Follow-on analyses have not shown much change, Edwards says. The favorite proteins function in pathways of biomedical interest, but much of the proteome still generates few or no papers. “The balance is probably not right,” he says. Researchers stick to reagents they know and to target proteins they know.
Edwards hopes a new reagent can be more than a “new shiny antibody for a chestnut,” he says, referring to a well-studied protein. New affinity reagents could let scientists ask different, more expansive questions, of the 'chestnuts' as well as the less-studied proteins. New approaches to distribution might also be needed. Research papers describing the advantages of the new reagents will help. But resources that wait for users to come and get new affinity reagents are not working, he says.
“I think the stockpile idea is flawed, because no one will know in advance what you should be stockpiling,” says Andreas Plückthun of the University of Zurich, who makes engineered antibody alternatives called designed ankyrin repeat proteins (DARPins) and is involved with the NIH and EU projects. Instead of stockpiling, he prefers an application-oriented approach, because these new affinity reagents can be produced quickly and on demand. His DARPins can be engineered in many formats, with many types of attachments bound either loosely or rigidly5. And they can be used within cells, too, which is difficult to do with antibodies, he says.

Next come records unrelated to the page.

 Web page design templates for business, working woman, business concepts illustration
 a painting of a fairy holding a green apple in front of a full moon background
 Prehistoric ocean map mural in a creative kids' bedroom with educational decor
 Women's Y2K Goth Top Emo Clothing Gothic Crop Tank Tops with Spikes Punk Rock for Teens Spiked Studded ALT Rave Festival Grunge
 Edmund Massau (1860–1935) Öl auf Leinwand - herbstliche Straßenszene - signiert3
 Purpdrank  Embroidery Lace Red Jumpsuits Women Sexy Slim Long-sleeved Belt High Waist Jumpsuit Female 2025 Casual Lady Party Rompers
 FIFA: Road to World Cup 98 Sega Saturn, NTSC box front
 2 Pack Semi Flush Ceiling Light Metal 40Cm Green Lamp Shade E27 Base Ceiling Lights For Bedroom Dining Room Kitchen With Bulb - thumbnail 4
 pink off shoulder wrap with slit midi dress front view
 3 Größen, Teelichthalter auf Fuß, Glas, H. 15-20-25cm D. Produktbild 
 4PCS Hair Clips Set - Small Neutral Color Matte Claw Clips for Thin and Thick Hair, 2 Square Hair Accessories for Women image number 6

Plückthun and his team have created DARPins with attached fluorophores, which light up once the affinity reagent latches on to its target to show, for example, activation of extracellular signal−regulated kinase (ERK) in living cells. “You basically have real-time, real-space information about who is activated when and where,” he says.
For his DARPins and other affinity reagents, high-throughput methods are in development, and new business models are emerging (Box 1). He acknowledges the nudging from colleagues asking when the new affinity reagents will be ready and cheap. For now, he says, the sophisticated selection methods call for highly qualified researchers, which makes the reagents expensive. “We're still in research mode trying to develop faster and better methods,” he says. In his view, which he shares with many others in this emerging field, new affinity reagents will help biology research move far beyond what has been possible with antibodies.
References
Marx, V. Nat. Methods 10, 703–707 (2013).
Fredriksson, S. et al. Nat. Biotechnol. 20, 473–477 (2002).
Colwill, K., Renewable Protein Binder Working Group & Gräslund, S. Nat. Methods 8, 551–558 (2011).
Edwards, A.M. et al. Nature 470, 163–165 (2011).
Gu, G.J. et al. Nat. Biotechnol. 30, 144–152 (2013).
Mehan, M.R. et al. PLoS ONE 7, e35157 (2012).